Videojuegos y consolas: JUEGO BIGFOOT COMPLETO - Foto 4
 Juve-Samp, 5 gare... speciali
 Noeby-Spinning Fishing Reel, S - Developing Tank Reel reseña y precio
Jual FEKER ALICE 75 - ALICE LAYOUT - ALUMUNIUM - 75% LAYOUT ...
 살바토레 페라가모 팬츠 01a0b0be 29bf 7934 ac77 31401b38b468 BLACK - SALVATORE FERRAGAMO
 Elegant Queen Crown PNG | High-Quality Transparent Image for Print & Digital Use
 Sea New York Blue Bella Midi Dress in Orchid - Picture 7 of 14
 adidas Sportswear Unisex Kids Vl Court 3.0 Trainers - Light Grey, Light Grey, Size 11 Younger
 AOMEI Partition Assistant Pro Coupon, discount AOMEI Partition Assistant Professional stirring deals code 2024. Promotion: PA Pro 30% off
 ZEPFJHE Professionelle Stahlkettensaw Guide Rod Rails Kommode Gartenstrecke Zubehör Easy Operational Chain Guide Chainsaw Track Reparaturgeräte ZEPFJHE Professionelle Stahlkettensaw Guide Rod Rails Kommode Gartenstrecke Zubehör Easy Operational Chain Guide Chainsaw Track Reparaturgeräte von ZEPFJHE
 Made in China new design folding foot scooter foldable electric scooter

#### [Instructions for the task]
Everything from the line containing "Elegant Queen Crown" through the last line of the records must be given again exactly; leave out all other lines.

#### [Answer below]
 Elegant Queen Crown PNG | High-Quality Transparent Image for Print & Digital Use
 Sea New York Blue Bella Midi Dress in Orchid - Picture 7 of 14
 adidas Sportswear Unisex Kids Vl Court 3.0 Trainers - Light Grey, Light Grey, Size 11 Younger
 AOMEI Partition Assistant Pro Coupon, discount AOMEI Partition Assistant Professional stirring deals code 2024. Promotion: PA Pro 30% off
 ZEPFJHE Professionelle Stahlkettensaw Guide Rod Rails Kommode Gartenstrecke Zubehör Easy Operational Chain Guide Chainsaw Track Reparaturgeräte ZEPFJHE Professionelle Stahlkettensaw Guide Rod Rails Kommode Gartenstrecke Zubehör Easy Operational Chain Guide Chainsaw Track Reparaturgeräte von ZEPFJHE
 Made in China new design folding foot scooter foldable electric scooter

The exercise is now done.